Photogénique. Trait d’union entre toutes ces cultures, la gastronomie levantine s’inspire depuis toujours des traditions culinaires de ces anciens territoires de l’Empire Ottoman, auxquels s’ajoutent parfois quelques influences grecques ou chypriotes. Partie intégrante de la cuisine méditerranéenne, et indissociable de son ingrédient phare, l’huile d’olive, elle se caractérise par ses ingrédients simples et peu coûteux, ses recettes généreuses et goûteuses et la place qu’elle accorde aux légumes, aux légumineuses et aux épices. Conviviale, cette manière de préparer et de déguster les plats s’articule aussi autour de l’esprit de partage, à travers notamment la tradition des mezzés. Houmous, falafels, kebabs, pain pita, baklavas font partie de ces mets emblématiques dont on ne sait jamais vraiment d’où ils viennent. Quant aux épices comme le sumac, le zaatar, et aux préparations comme le tahini ou le muahamarra, des termes dont l’orthographe varie selon la position géographique, ils sont incontournables des menus de ces nations du Levant. Hyper photogénique et instagrammable à souhait, la cuisine levantine et ses innombrables possibilités végétariennes collent parfaitement à l’air du temps.
Etoilé à Paris, le Franco-libanais Alan Geaam a ouvert Qasti en 2024 à Lausanne. il y fait découvrir un pan de la cuisine levantine, axée sur la gastronomie libanaise.
Les douceurs du Levant séduisent les palais européens. Le chef Geaam possède d'ailleurs une pâtisserie à Paris.
«Grande culture des épices». Contrairement à Londres, où Yotam Ottolenghi possède déjà huit restaurants, (et où l’on annonce un neuvième établissement au printemps dans le quartier huppé de Richmond) ou à Paris, où des chefs très médiatiques comme Assaf Granit ou Julien Sebbag surfent sur des adresses festives dans lesquelles ont se régale de saveurs aux accents moyen-orientaux, le terme de cuisine levantine n’est que peu connu en Suisse.
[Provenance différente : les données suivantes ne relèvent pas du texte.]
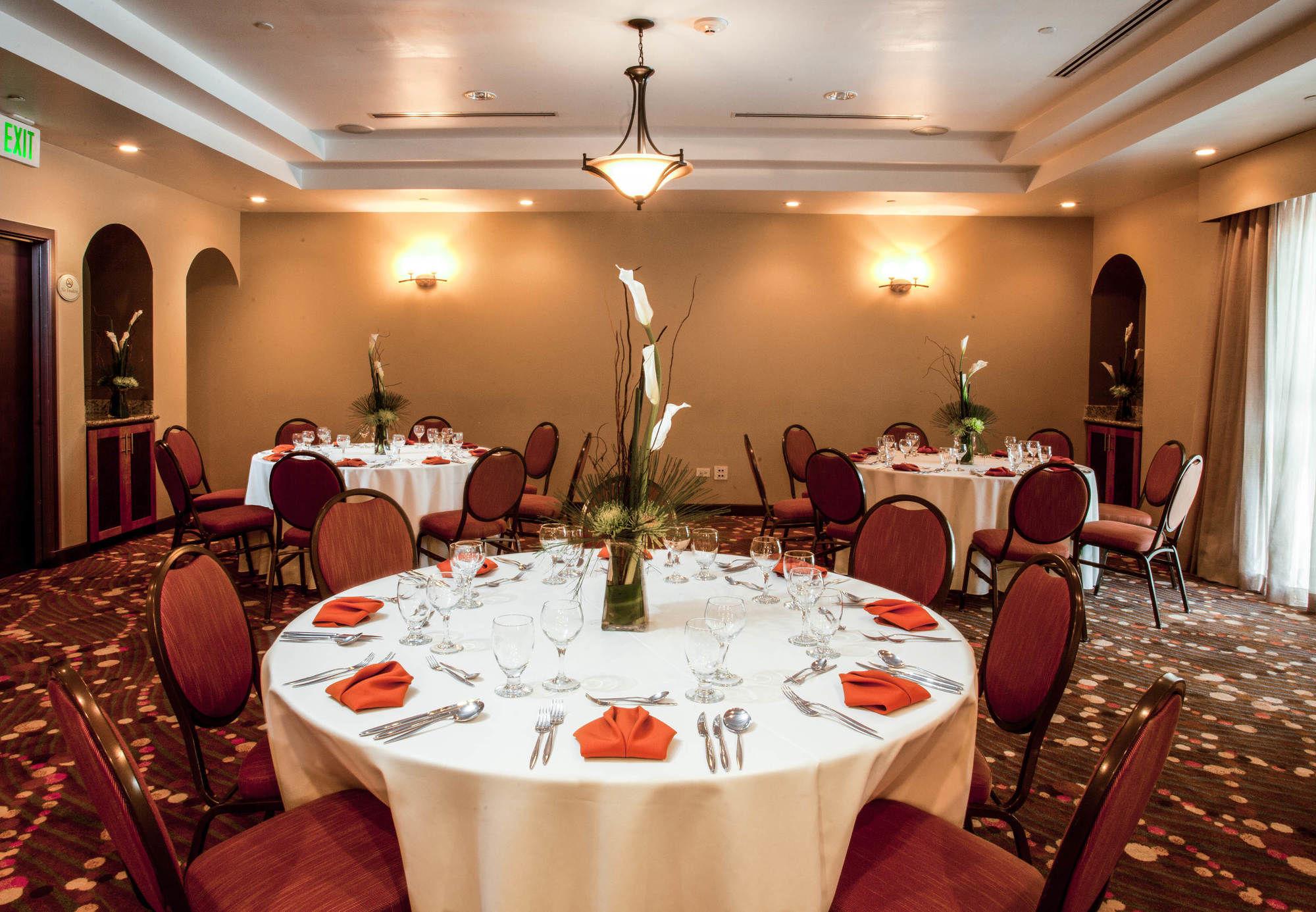 Courtyard By Marriott Port Of Spain Экстерьер фото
Pourtant, les tables qui déclinent sa richesse ne manquent pas. Star des stars de cette gastronomie, la cuisine libanaise est sans doute la plus plébiscitée. Créateur des restaurants Qasti à Paris, le chef Alan Geaam, qui vient d’ouvrir une nouvelle adresse à Lausanne, en lieu et place de l’ancien OBeirut, concède: «Comme je suis d'origine libanaise, je mets en avant la cuisine de mon pays. Mais il suffit de se plonger dans l'histoire pour se rendre compte qu'il n'y a pas une cuisine libanaise, ou palestinienne, ou syrienne. C'est vraiment une cuisine levantine, où la frontière est un peu plus large. Et il y a plein de recettes qu'on partage autour notamment d’une grande culture des épices. Moi qui viens du nord du Liban, je suis par exemple très inspiré par les recettes syriennes.» Si nombre de préparations se jouent des frontières, quelques recettes traversent les siècles en conservant leur authenticité et leur particularité géographique: «Il reste toujours le petit assaisonnement propre à chacun, le petit détail à la fin. Au Liban, on n’ajoute par exemple pas de concombre en brunoise au taboulé. En Israël, si.»
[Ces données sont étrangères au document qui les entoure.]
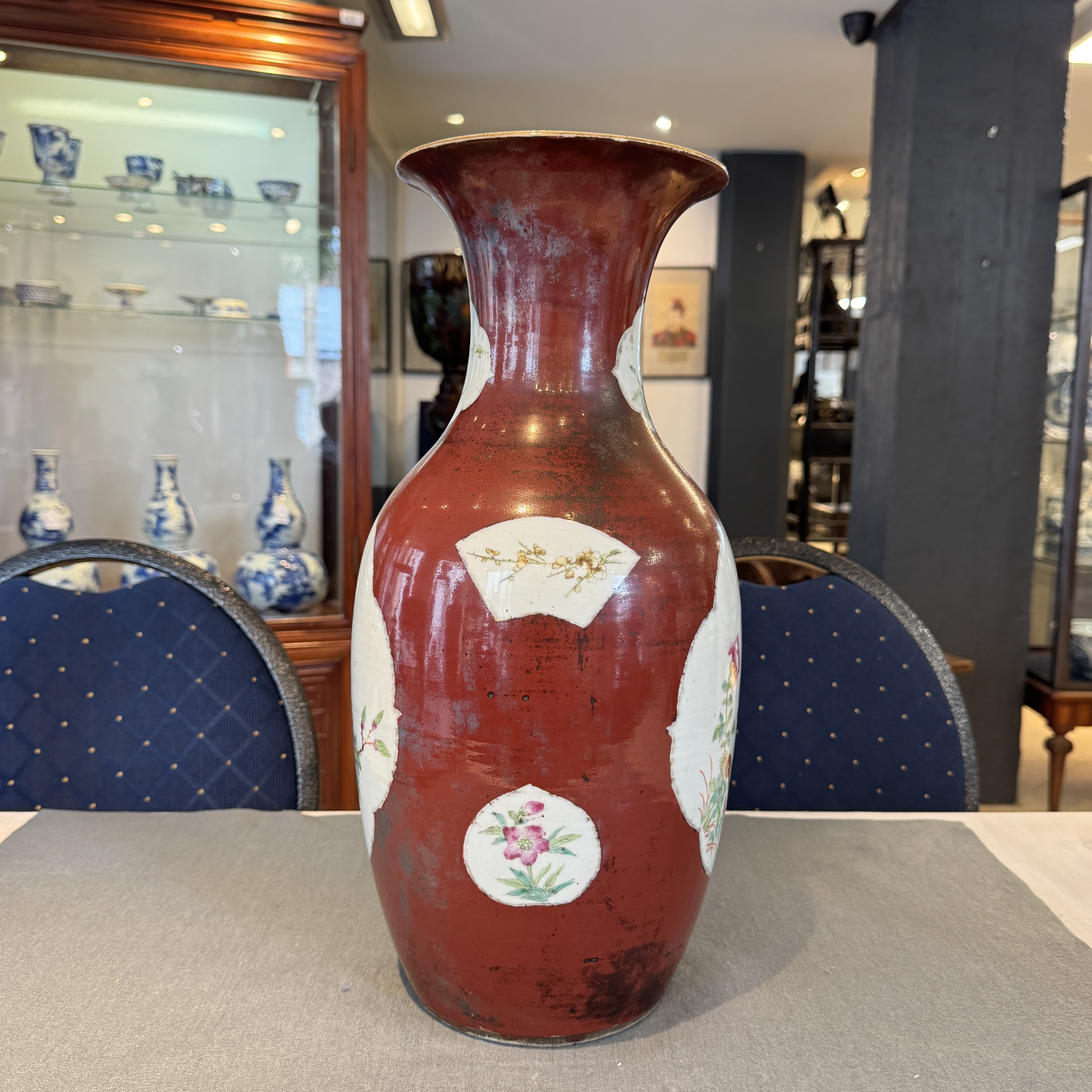A Chinese famille verte 'Yenyen' vase and a famille rose red-ground vase — photo 3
«Ottolenghiser» la cuisine. uisine fraîche et généreuse du Liban. Recettes syriennes tantôt douces, tantôt piquantes tantôt parées de la délicatesse de la rose. Etonnante gastronomie arménienne, que l’on voit d’ailleurs pouvoir goûter avec la toute récente ouverture du restaurant arménien, le Mayring Bistrot à Genève… Yotam Ottolenghi emprunte ici et là pour perpétuer à sa manière l’ancestrale cuisine levantine. Pour offrir des recettes «ottolenghisées» qui s'affranchissent parfois des traditions. Mais qui donnent furieusement envie d’en découvrir toutes les richesses et les nuances.